This Week in History

Archives

A Mohawk who Succeeded in the Victorian World

For the week of Monday August 6, 2007

August 10, 1841, marks the birth of Oronhyatekha, doctor, philanthropist and first Supreme Chief Ranger of the Independent Order of Foresters (IOF), a mutual benefit organization.

Oronhyatekha was born on the Six-Nations Reserve near Brantford, Ontario. He began his education on the reserve, and then continued his studies in Massachusetts and Ohio. During a visit to Canada in 1860, the Prince of Wales invited him to study at Oxford. After a semester there, Oronhyatekha returned to Canada and studied medicine at the University of Toronto and at the Toronto School of Medicine. In 1867, he became the first member of a First Nation to be licensed to practice medicine in Canada. He was very proud of his Mohawk heritage and language, and worked to promote them throughout his life.

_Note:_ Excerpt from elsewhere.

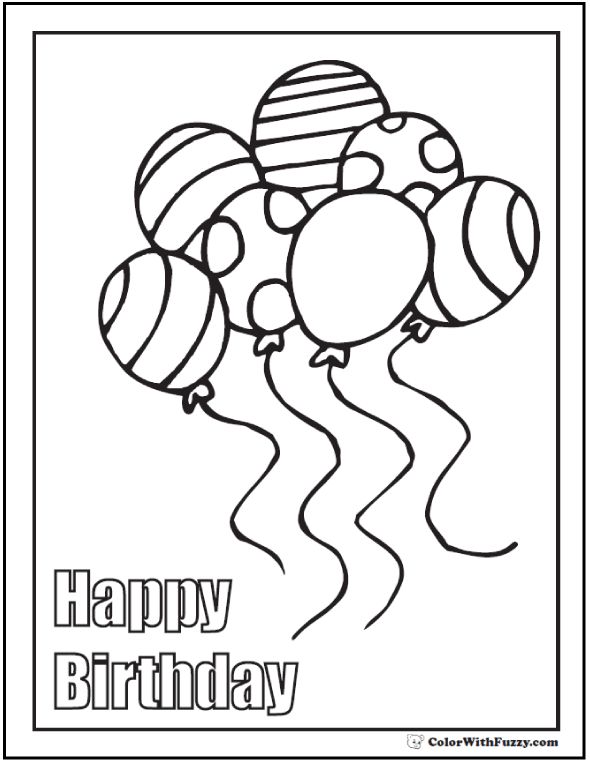 printable coloring pages birthday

The memorial window in stained glass donated to the Christ Church Royal Chapel by Oronhyatheka
The memorial stained glass window  donated to the Christ Church Royal Chapel by Oronhyatheka's family
© Parks Canada / Leslie Maitland / 1995
Oronhyatekha had a special interest in mutual benefit organizations, temperance organizations and Masonic societies, which were very popular at the time. In February 1878, he was accepted into the IOF, even though its constitution allowed only “white males” to join. The IOF had been created in England to help families cover their funeral expenses. The principle behind this type of organization was to help and protect those most in need by creating a fund where members pooled their resources.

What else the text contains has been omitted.